101 of Git Commands
Across the projects & users, we recommand to use a similar
.gitconfig file should be used
For ease of use a unique
.gitconfig file should be used.
Also the file types that are forbidden to be checked into the Git repository should be defined for every body. It is not considered as a good practice to commit binary files in the Git ... but sometimes teams do.
The fact that the file with the alias is common/shared across the team(s) allows to exchange best practice & common behavior. It is however not mandatory, just an advice.
Identifying changed files
git ps or
git -p status will provide the list of files that have been modified. The
-p stands for paginated. Pagination help to realise there are too many files modified.
What has changed in a file ?
The following command will show what has changed in the file since the last
checkout (or since the last
git add for that file).
git diff <file_name>
There is also the possibility to show the difference side-by-side. See the interesting post.
Once you have added all the files that you have modified for one change request, you should commit those.
Adding files to the next commit
The following will add all the translations for my project
git add ./locale/*/LC_MESSAGES/django.po
Avoid adding all the files at once with a command like :
git add .
It work beautifully until you push too many files at once and end up with binary or you password file in you repository.
Attention : Once you add a file, you only add the modifications of the files in the scope for the next
Committing the modifications
The command is really simple and straight forward :
git commit -m _<my usefull message>_
It is really crucial to put a meaningful message as it is what the users will have to quickly identify the commit that is of interested to them.

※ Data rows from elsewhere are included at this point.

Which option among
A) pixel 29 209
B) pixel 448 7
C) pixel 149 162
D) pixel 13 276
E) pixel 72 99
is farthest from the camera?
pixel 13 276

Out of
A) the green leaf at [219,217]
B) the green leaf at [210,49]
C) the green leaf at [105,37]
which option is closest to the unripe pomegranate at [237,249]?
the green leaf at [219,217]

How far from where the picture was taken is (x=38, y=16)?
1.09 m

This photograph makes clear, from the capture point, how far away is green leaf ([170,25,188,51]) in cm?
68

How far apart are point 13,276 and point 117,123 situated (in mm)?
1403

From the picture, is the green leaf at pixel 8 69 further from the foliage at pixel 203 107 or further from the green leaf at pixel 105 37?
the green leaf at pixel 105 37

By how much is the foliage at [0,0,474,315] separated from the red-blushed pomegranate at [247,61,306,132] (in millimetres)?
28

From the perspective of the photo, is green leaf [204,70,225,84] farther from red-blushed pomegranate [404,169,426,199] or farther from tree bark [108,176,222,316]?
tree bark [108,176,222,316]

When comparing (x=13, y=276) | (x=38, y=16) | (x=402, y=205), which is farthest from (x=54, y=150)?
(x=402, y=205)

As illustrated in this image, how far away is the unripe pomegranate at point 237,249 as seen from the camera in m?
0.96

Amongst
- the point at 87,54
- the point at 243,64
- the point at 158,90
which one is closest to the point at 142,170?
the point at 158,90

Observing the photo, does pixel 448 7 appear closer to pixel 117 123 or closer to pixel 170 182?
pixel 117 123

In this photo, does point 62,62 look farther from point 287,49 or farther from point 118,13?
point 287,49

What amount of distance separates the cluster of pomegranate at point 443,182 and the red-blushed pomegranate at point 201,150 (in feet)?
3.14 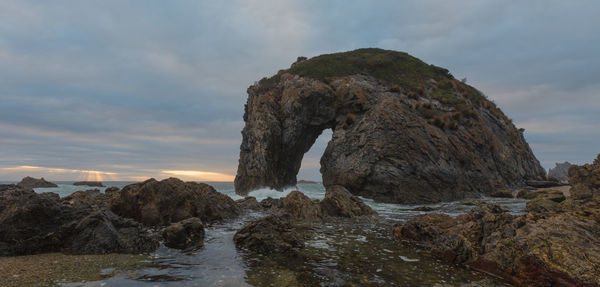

- Ensure that before each commit the code compiles, unit tests do not return more failures. Anybody choosing your commit (cherry picking) should have a great likelihood to have running code.
- You should create commit right the just size. Some made micro commits and tend to forget testing them before committing. Some tend to create massive commits that include 200 modifications.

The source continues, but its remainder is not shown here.